Fakta di atas menyimpulkan bahwa pemerintah seperti sudah “lelah” dengan aturan PSBB yang akan diterapkan oleh Gubernur DKI Jakarta Anies Baswedan. Karena jika penerapan itu di lakukan tentu akan di mengeluarkan dana yang cukup besar untuk yang terdampak yaitu bantuan sosial (bansos).

Orientasi ekonomi memang tidak dapat dielakkan dari penguasa yang menerapkan sistem kapitalis. Mereka akan selalu perhitungan terhadap rakyatnya sendiri. Seolah rugi jika memberikan secara cuma-cuma. Rakyat harus memberikan timbal balik yang sepadan kepada pemerintah. Sungguh egois jika sistem buatan manusia di agung- agungkan, penguasa bukan mengayomi malah seperti jual beli dengan rakyat sendiri.

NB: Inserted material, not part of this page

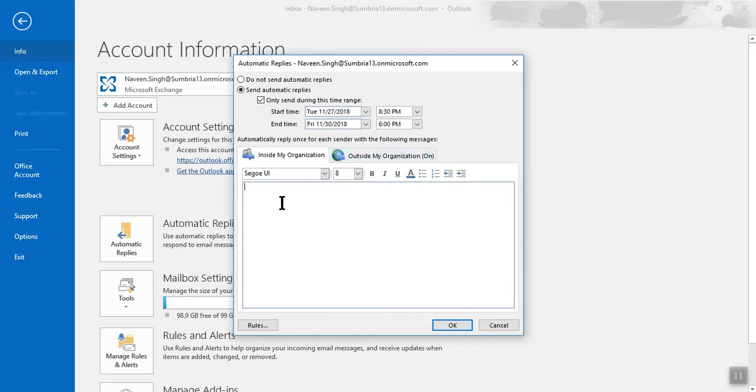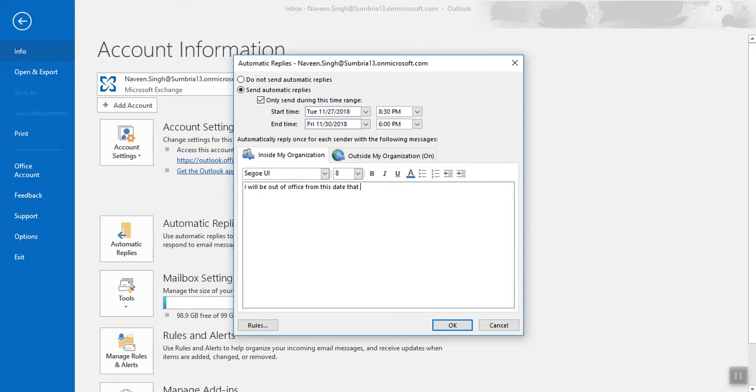So here you can mention 'I will be out of office from this day to that day.' So simply click OK.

Berbeda halnya dengan sistem Islam dimana seluruh komponen kehidupan sudah di atur di dalan Al Qur’an dan as Sunnah. Semua sudah jelas didalamnya dan Rasulullah sebagai teladan yang baik sudah menerapkan itu sejak hijrah ke Madinah sampai 1300 tahun lamanya di tetapkan sebagai hukum oleh para khalifah terdahulu. Tak ada catatan hitam. Sejarah gemilang selalu menaungi pada setiap yang mau menerapkan Islam Kaffah.

Islam ketika wabah menyerang akan segera sigap menghadapinya. Memisahkan yang sakit di suatu tempat dan yang sehat akan beraktifitas seperti biasa sehingga perekonomian berjalan sebagaimana mestinya. Ketika tempat yang terkena wabah membutuhkan keperluan maka seorang khalifah akan segera mengirimkan bantuan bisa berupa bantuan medis maupun konsumsi.

Seperti ketika terjadi wabah Thaun ketika kepemimpinan Umar Bin Khattab yang bersi tegang dengan para sahabatnya karena perbedaan pendapat tentang wabah yang menyerang di dataran rendah Yordania. Kala itu Khalifah Umar bin Khattab akan pergi k syam. Namun karena ketegasannya opini dan masukan-masukan pun datang dari kaum anshar dan muhajirin. Maka di putuskan lah beliau untuk kembali.

Karena teringat hadist Rasul yang berbunyi : “Dari Siti Aisyah Ra., ia berkata, Aku bertanya kepada Rasulullah Saw. perihal tha‘un, lalu Rasulullah Saw. memberitahukanku, dahulu, tha’un adalah azab yang Allah kirimkan kepada siapa saja yang Dia kehendaki, tetapi Allah menjadikannya sebagai rahmat bagi orang beriman. Maka tiada seorang pun yang tertimpa tha’un, kemudian ia menahan diri di rumah dengan sabar serta mengharapkan ridha-Nya seraya menyadari bahwa tha’un tidak akan menimpanya selain telah menjadi ketentuan Allah untuknya, niscaya ia akan memperoleh ganjaran seperti pahala orang yang mati syahid,” (HR. Bukhari, Nasa’i dan Ahmad).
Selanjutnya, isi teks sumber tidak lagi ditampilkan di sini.